The plan followed the Murphy administration’s announcement in January of a $16 million incentive program designed to cut emissions in two environmental justice communities close to ports. The state will award vouchers of between $25,000 and $100,000 to fund the purchase of electric medium- and heavy-duty zero-emission trucks within 10 miles of Newark, an area that includes most of the Port of New York and New Jersey, and Camden, home to the far smaller South Jersey Port Corp. (SJPC).
Emissions from the Port of New York and New Jersey, the largest port on the East Coast, have long been a concern for Newark area residents and environmental groups, reflecting a dynamic that has played out at ports across the country, especially in California. The dramatic rise in cargo volumes through many U.S. ports in recent years has increased truck and vessel traffic, raising emissions that impact nearby communities. That has forced ports to try to pursue efforts to cut pollution and protect area residents without impairing the cargo flow that is vital to the economy.
In the Port of New York and New Jersey, that dynamic is felt most strongly in New Jersey, which hosts the four largest of the port’s six container terminals. Together those four handle 90% of the port’s containerized cargo.
Murphy’s initiatives reflect his drive to put the state on track for 100% clean energy by 2050, in part by reducing energy consumption and emissions in transportation, which accounts for 42% of greenhouse gas emissions in New Jersey, according to the New Jersey Department of Environmental Protection (DEP).
As part of that drive, DEP said it plans to introduce rules in the spring that will require truck manufacturers to sell an increasing number of EVs in the state beginning in 2025. Modeled after California regulations, the proposed rules would also require truck fleet owners to report their level of EV use so that the state can collect data for future rules, which are expected to include EV purchase requirements for the fleets.
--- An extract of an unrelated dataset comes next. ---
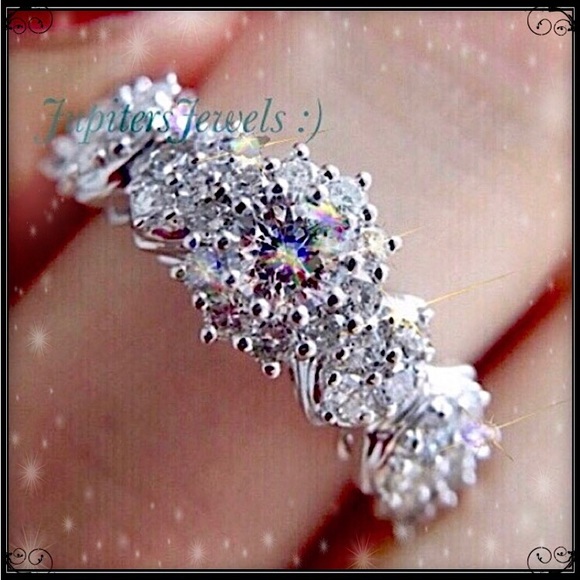 NEW 925 SILVER CLUSTER PAVE ENGAGEMENT SIMULATED DIAMOND RING - Picture 1 of 5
The DEP also said that in the long term, it will consider rules that would require the use of zero-emissions cargo handling equipment.
“We have been on this very slow crawl of the evolution to electric, and I think we’re almost reaching the top of our mountain,” said Bethann Rooney, deputy port director for the Port Authority of New York and New Jersey (PANYNJ). “Things are coming together. We’re on the brink of being able to really make some important changes in short order.”
Faster Transition to EVs
The $19.5 million in grants will fund a significant increase in the use of EVs in the port, where electric yard tractors are scarce and just three electric drayage trucks — tractor trailers that move containers in or out of the port — are in use, according to the PANYNJ.
But the effort also highlights how far the state has yet to go. The funding will put an additional 16 electric drayage trucks in the port, a fraction of the 9,000 diesel trucks that serve the port each month.
The funds allocated for the port include:
$850,000 to PANYNJ for a mobile electric crane;
$2.3 million to buy container moving “straddle carriers” for two port terminals;
$3.5 million for truckers and warehouse operators to buy 10 container-handling vehicles or yard tractors;
$4.8 million for trucking company International Motor Freight of Newark to buy 15 electric trucks; and
$6.6 million to fund the acquisition of 23 yard tractors for use at the SJPC, which handles non-containerized cargo such as steel slabs, cocoa beans and wind turbine equipment.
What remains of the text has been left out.